La décision peut-elle être mise en équation ?
Pendant des années, Treca, un leader dans le domaine du matelas, s'est refusé à entrer dans le marché des matelas en latex. Pour lui, sorti du ressort, pas de salut. La Direction était arcboutée, et, malgré le développement du latex, refusait même d'en discuter. Bizarre, non ?
Oui si l'on s'en tient à l'approche rationnelle, mais, si l'on prend le temps de connaître l'histoire de l'entreprise et le sens de son nom, on se donne une chance de comprendre ce qui se passait. Que veut dire Treca ? C'est un raccourci pour Tréfilerie Câblerie : l'entreprise était née autour de son activité de tréfilerie.

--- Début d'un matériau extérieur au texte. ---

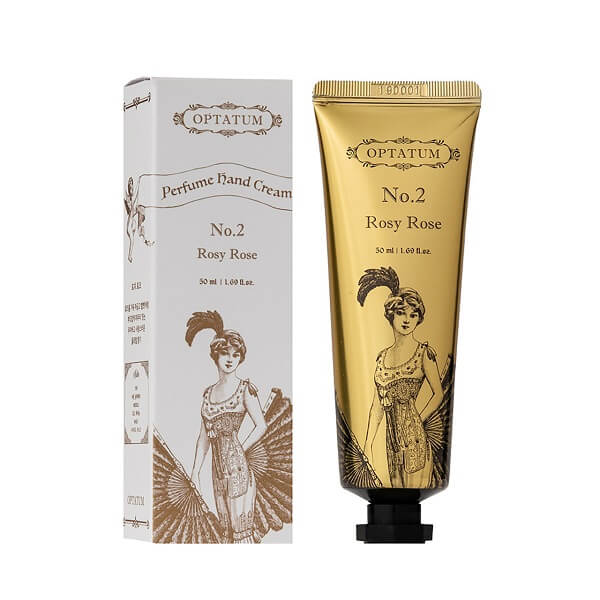 オプタウム パフュームハンドクリーム #NO.2 ロージーローズ50ml
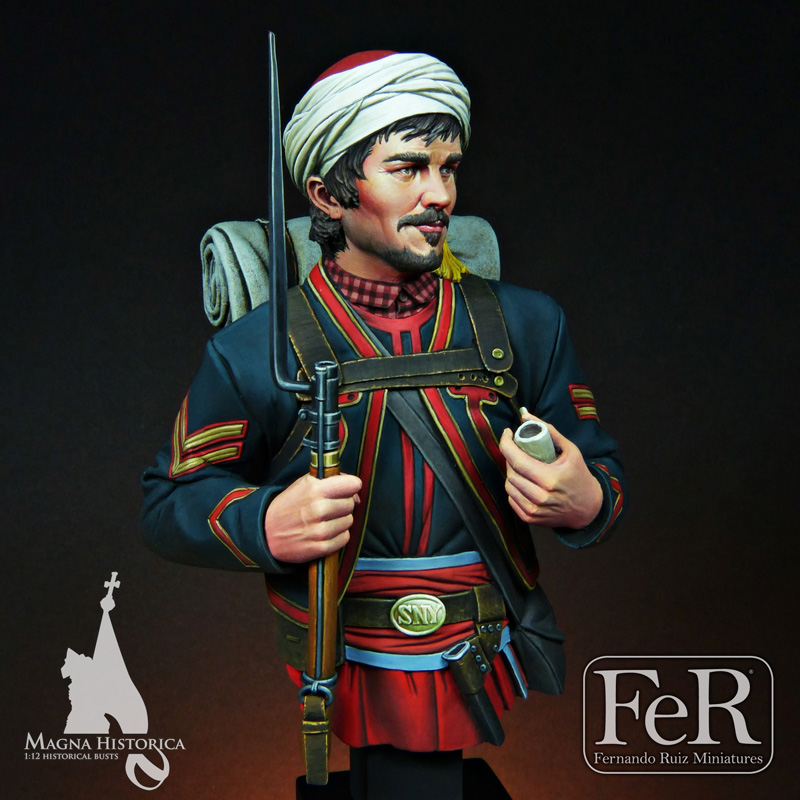 Corporal, 5th NY Zouaves <br>Gaines’ Mill, 1862 - Gallery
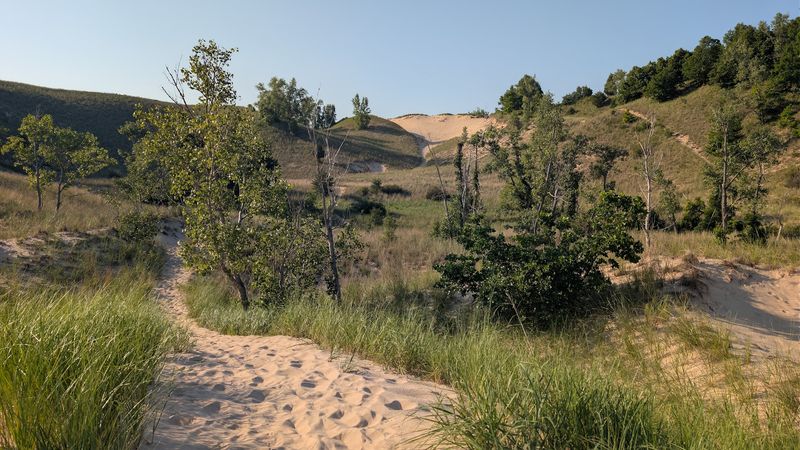 Climbing the Famous 3 Dune Challenge
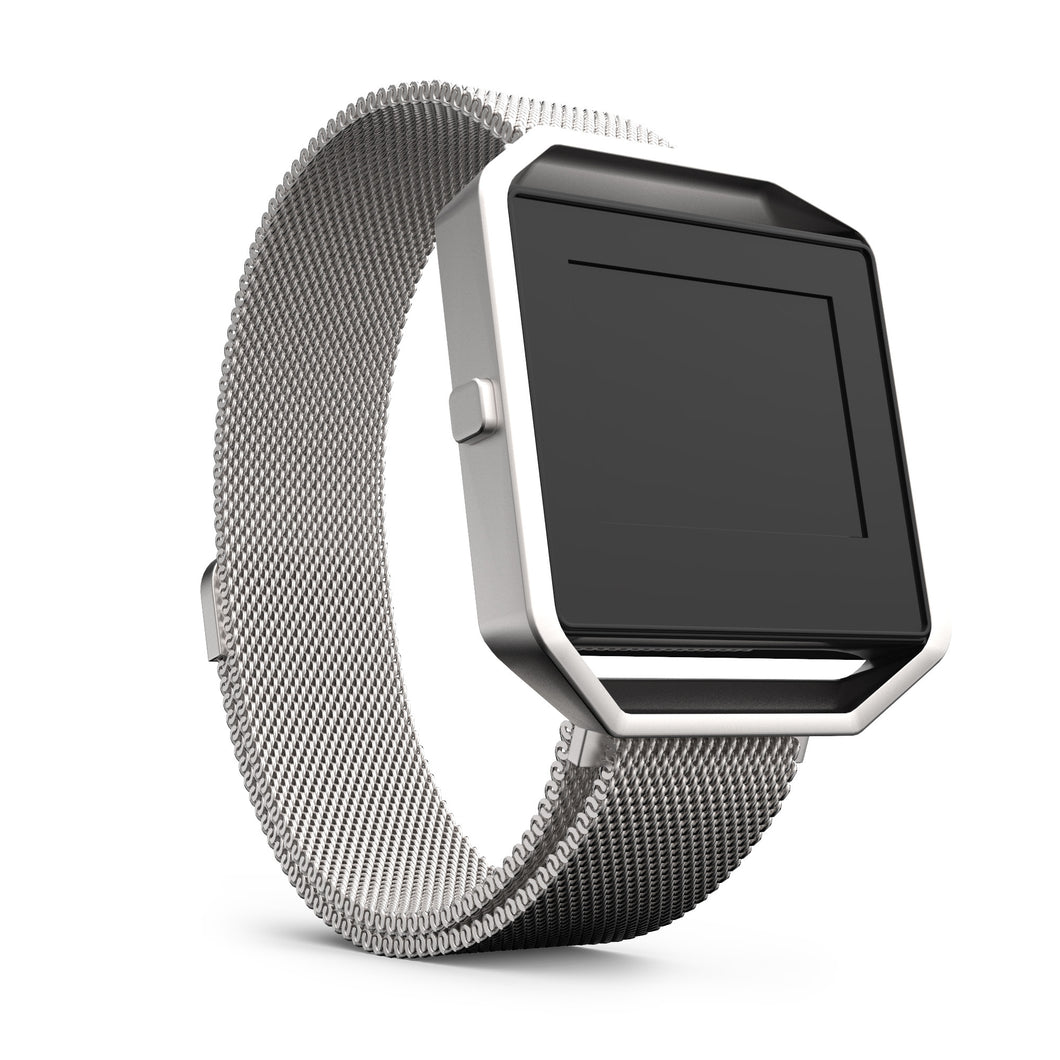 fitbit blaze metal band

Le ressort n'était pas seulement un « objet anonyme » qui était là pour assurer le confort des matelas, c'était la raison d'être de l'entreprise, la justification de son nom.
S'autoriser à étudier le marché du latex s'était risquer d'abandonner un jour le ressort, prendre le risque de « tuer son père ». Pas facile. Tout ceci était en arrière-plan, dissimulé dans l'inconscient collectif…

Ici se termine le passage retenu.